__Exercise brief__.
Beginning at the line that contains "Cerveja Freaks Roast", reproduce the entries below exactly, ending with the line that contains "Used Mercedes-Benz GLA". Omit each picture.

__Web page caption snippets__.

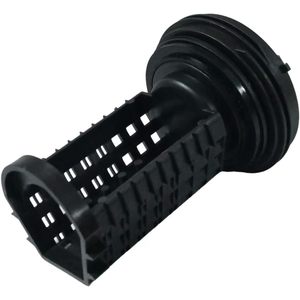Filtre de pompe de vidange pour machine à laver Caoncctg 383EER2001A, en plastique noir durable, alimentation AC/DC, pour pièces d'appareils de lavage - Product Image 6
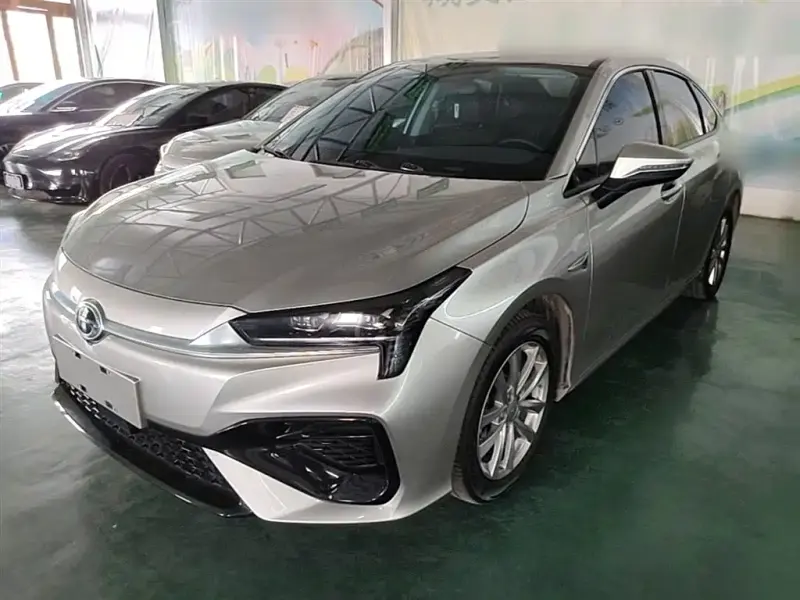 Aion S, 2024
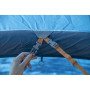 Namuchowany namiot Vango Aether Air 600XL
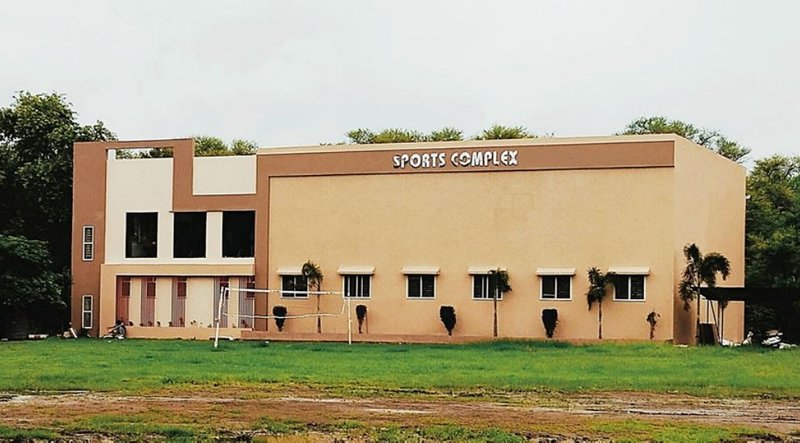 Sports Complex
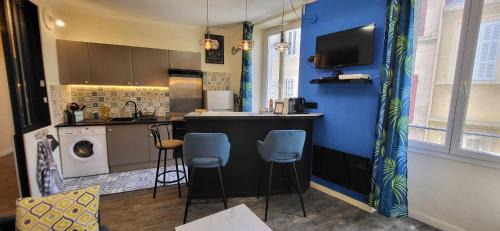 Thiers Apartment | LA PERLE DE LA PLAINE
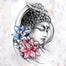 Tatouage Bouddha<br> Fleur de Lotus Rose - [variant_title]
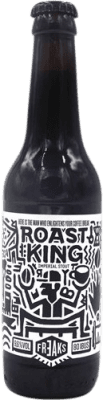 Cerveja Freaks Roast King Garrafa Terço 33 cl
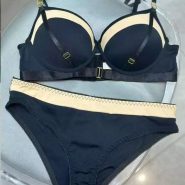 ست شورت سوتین اسفنجی 8099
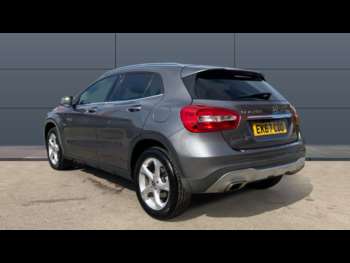 Used Mercedes-Benz GLA 2017 for sale - 74326999: Photo
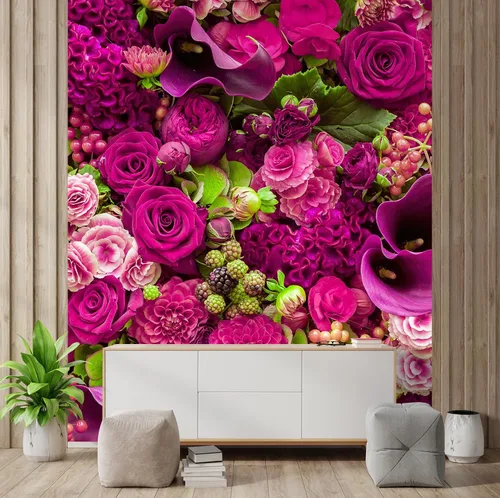 Miniatura 52 de wall26 - Mural de pared de arena cuadrado con rocas - Papel pintado grande autoadhesivo removible - 100x144 pulgadas Rock-1097-M01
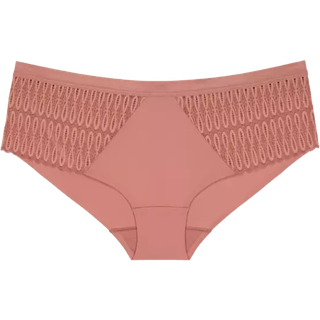Triumph Aura Spotlight maxi trusse, beige, Størrelse: 42, Dame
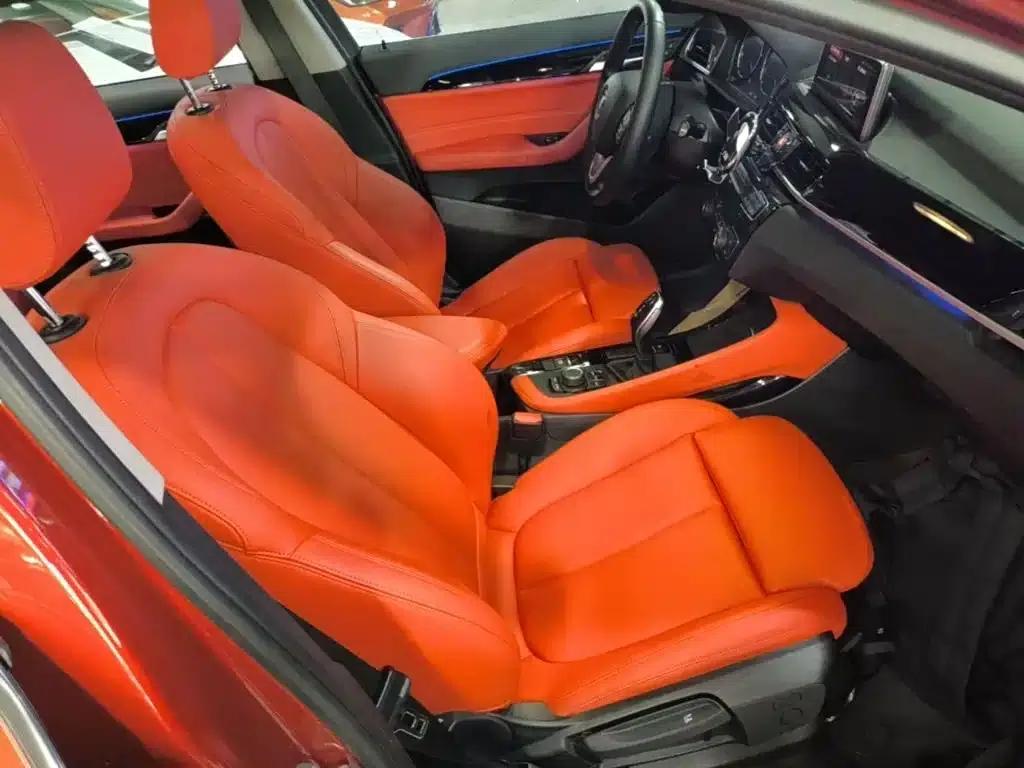 BMW X2 2020 sDrive20i M Sport Package — миниатюра 25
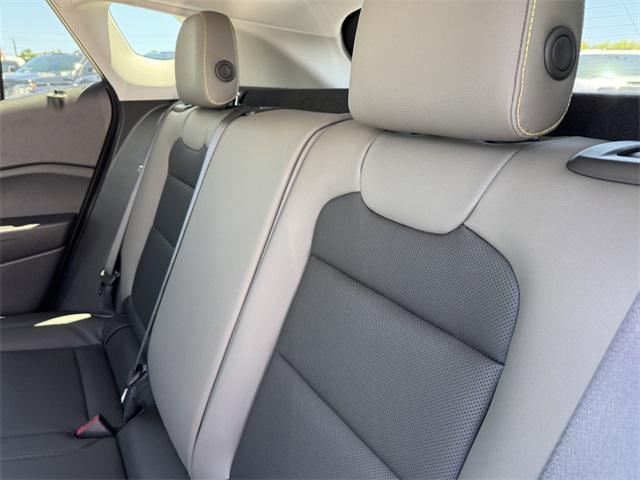 new 2025 Chevrolet Trax car, priced at $25,830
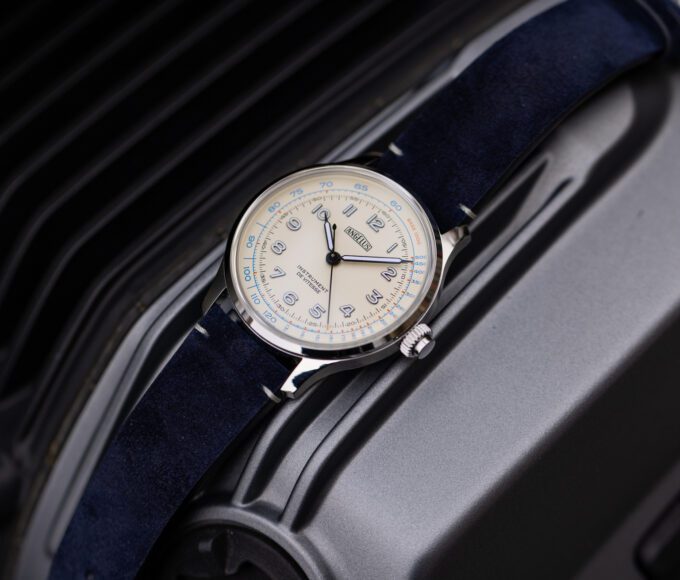 Angelus Instrument de Vitesse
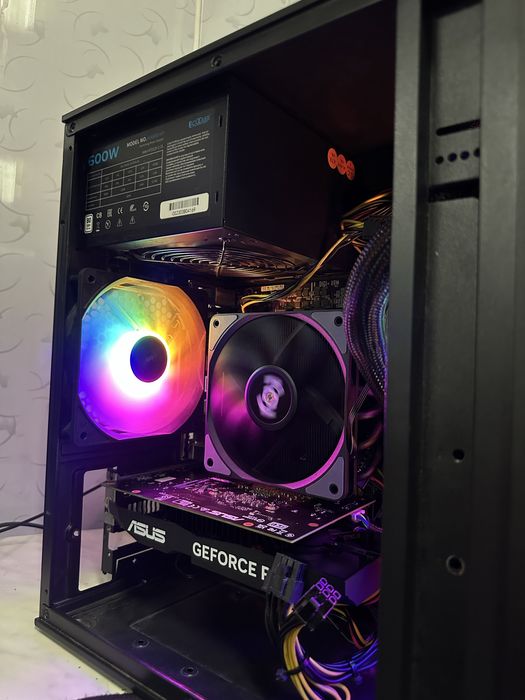 Игровой Компьтер на RTX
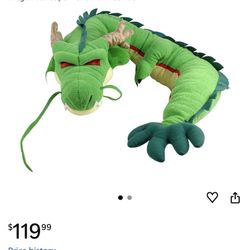 Dragon Ball Super Shenron Plush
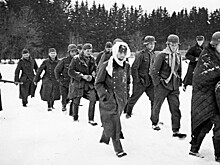 Последние дни 1941 года. «Вы вырастили наш гнев»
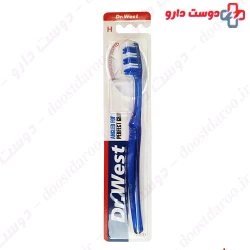 DR.West Hard Toothbrush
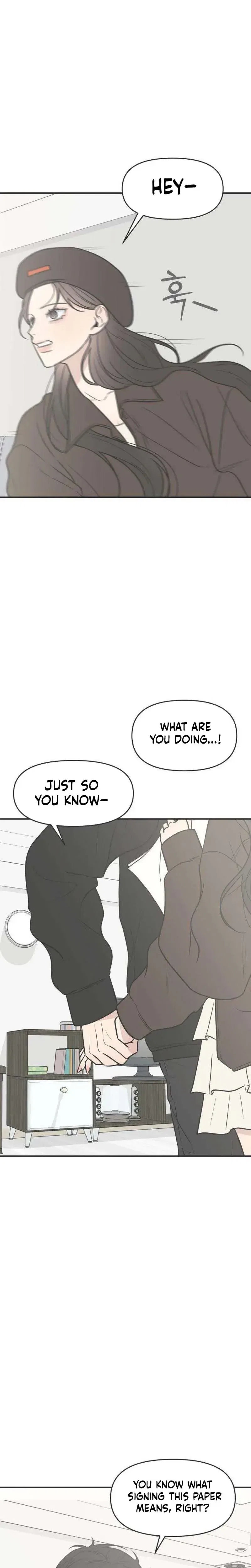 Marriage Defense Scandal Chapter 4 – Page 11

__Task solution__.
 Cerveja Freaks Roast King Garrafa Terço 33 cl
 ست شورت سوتین اسفنجی 8099
 Used Mercedes-Benz GLA 2017 for sale - 74326999: Photo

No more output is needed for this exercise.